*What is expected*:
Could you restate exactly the lines that begin at the line with "Emibig Emibig TRAKER" and end at the final line of the data?

--- Given entries ---

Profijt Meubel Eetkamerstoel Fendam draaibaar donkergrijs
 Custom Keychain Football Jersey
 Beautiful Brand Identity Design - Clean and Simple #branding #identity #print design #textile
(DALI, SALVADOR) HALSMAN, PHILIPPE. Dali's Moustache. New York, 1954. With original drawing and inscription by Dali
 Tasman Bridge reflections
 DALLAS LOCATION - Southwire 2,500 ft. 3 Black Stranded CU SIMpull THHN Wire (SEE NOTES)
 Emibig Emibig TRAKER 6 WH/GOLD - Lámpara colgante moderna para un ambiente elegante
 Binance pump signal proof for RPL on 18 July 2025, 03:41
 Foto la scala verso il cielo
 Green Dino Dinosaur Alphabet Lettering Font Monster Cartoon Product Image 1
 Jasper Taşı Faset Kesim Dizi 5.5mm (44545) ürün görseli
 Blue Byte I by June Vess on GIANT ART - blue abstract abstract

---

*Task response*:
 Emibig Emibig TRAKER 6 WH/GOLD - Lámpara colgante moderna para un ambiente elegante
 Binance pump signal proof for RPL on 18 July 2025, 03:41
 Foto la scala verso il cielo
 Green Dino Dinosaur Alphabet Lettering Font Monster Cartoon Product Image 1
 Jasper Taşı Faset Kesim Dizi 5.5mm (44545) ürün görseli
 Blue Byte I by June Vess on GIANT ART - blue abstract abstract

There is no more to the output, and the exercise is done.